Russian Composers Own Everyone.

Done!  

But to be more specific:
Prokofiev: The Man touched by God
(personal comment)


----------



## superhorn (Mar 23, 2010)

Wagner : Lord of the Ring !


----------



## vamos (Oct 9, 2009)

absolutely great idea for a thread! might help me to understand certain composers I've yet to really love...

these might seem idiotic to some who know more about them:

Schoenberg: explorer and adventurer to new realms of structure and bizarre feel - consumed by dark emotions but also brilliantly logical and often humorous!

Mozart: beauty and confidence

Stravinsky: utter magnificent unstoppable hilariously great genius [rite of spring]

Ravel: mysterious but smart and cool watchmaker and master craftsman of music

Debussy: stuffy and pretentious but occasionally interesting composer of soft and forced sentimental music that isn't as good as Ravel [ignorant, i am]

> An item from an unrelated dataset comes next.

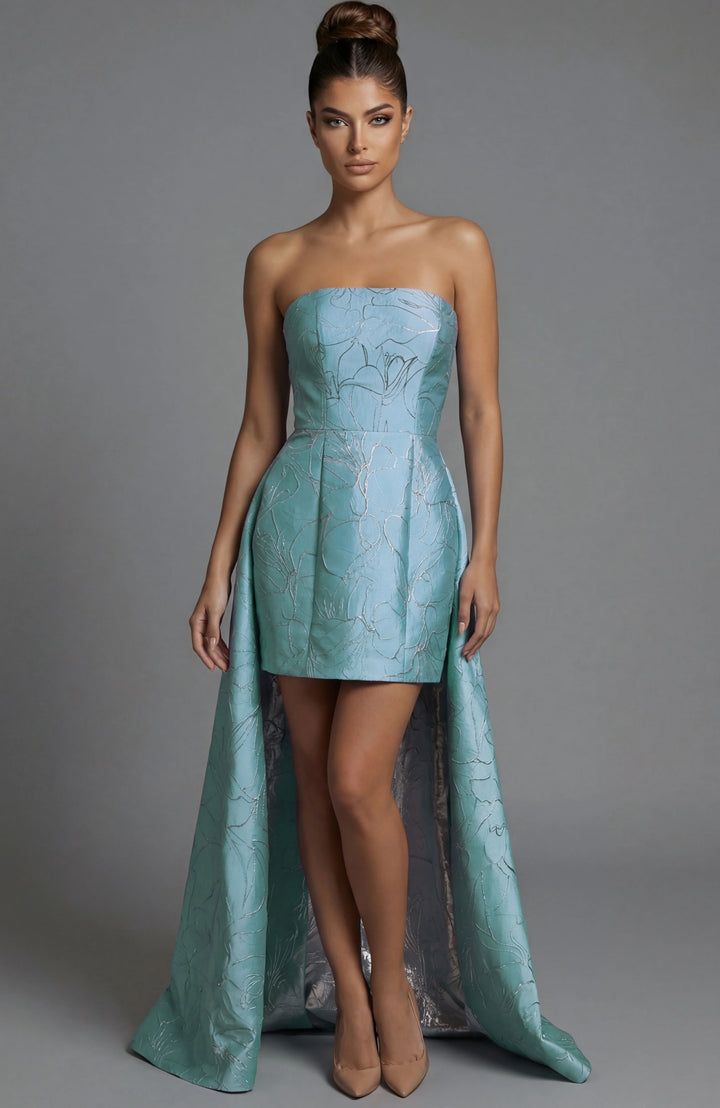 Jovani 51693 Strapless Brocade Corset Mini Dress With Full Skirt - FOSTANI.com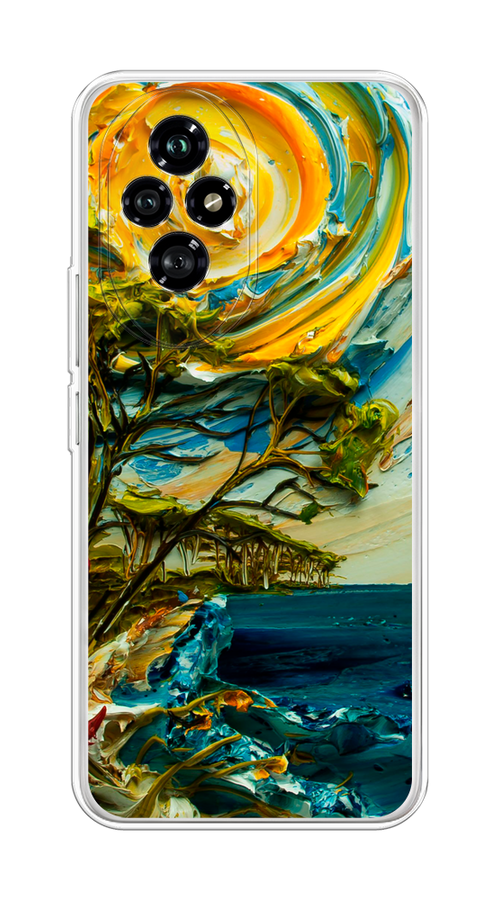 

Чехол на Honor 200 "Солнце живопись", Желтый;синий, 6124750-1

Ligeti: numerological robotic and fascinating investigator of the fractal realm

Xenakis: talks to aliens

Stockhausen: tries to live as a hyperinfinite being, sometimes succeeds. is a hell of a lot of fun

Scriabin: megalomaniac with an absurd capability for dreaming and fantasy realms of imagination and creativity

Schumann: romantic

Beethoven: very angry, sad, and dark person with a rather sadistic side and a great devotion to music. I've always felt the sadistic side getting in the way of my enjoyment. maybe it's my imagination.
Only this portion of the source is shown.